[[ Dataset content open ]]

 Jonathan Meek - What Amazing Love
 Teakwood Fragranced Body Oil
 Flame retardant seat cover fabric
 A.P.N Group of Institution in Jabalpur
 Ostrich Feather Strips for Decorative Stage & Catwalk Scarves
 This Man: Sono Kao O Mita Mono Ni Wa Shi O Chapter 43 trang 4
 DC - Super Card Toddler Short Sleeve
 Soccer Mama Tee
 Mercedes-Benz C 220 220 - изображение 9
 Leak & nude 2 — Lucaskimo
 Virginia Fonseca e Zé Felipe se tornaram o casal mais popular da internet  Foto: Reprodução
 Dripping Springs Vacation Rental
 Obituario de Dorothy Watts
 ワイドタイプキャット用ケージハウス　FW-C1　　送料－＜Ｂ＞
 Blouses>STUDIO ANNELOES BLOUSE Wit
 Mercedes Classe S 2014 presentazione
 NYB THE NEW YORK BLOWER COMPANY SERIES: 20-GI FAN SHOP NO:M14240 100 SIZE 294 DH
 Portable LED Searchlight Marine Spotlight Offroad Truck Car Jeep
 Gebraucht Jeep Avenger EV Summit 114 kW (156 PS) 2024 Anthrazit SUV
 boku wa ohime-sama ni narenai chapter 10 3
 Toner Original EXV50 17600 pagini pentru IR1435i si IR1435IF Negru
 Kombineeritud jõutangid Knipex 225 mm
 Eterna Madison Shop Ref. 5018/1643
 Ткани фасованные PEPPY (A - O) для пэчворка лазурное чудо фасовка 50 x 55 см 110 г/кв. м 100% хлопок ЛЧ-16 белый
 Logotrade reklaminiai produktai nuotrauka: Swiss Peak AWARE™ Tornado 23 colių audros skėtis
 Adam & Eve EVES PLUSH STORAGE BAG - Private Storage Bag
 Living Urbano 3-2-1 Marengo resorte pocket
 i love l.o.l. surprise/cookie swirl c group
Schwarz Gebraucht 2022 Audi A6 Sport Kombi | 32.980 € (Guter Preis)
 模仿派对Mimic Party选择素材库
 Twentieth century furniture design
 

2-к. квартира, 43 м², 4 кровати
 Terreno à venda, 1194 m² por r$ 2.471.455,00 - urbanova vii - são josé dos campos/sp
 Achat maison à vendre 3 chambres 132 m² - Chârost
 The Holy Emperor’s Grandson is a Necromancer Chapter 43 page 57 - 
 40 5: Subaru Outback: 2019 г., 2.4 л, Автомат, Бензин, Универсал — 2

[[ Dataset content closed ]]

Scan the records above and report every line with the string "Jeep".

 Portable LED Searchlight Marine Spotlight Offroad Truck Car Jeep
 Gebraucht Jeep Avenger EV Summit 114 kW (156 PS) 2024 Anthrazit SUV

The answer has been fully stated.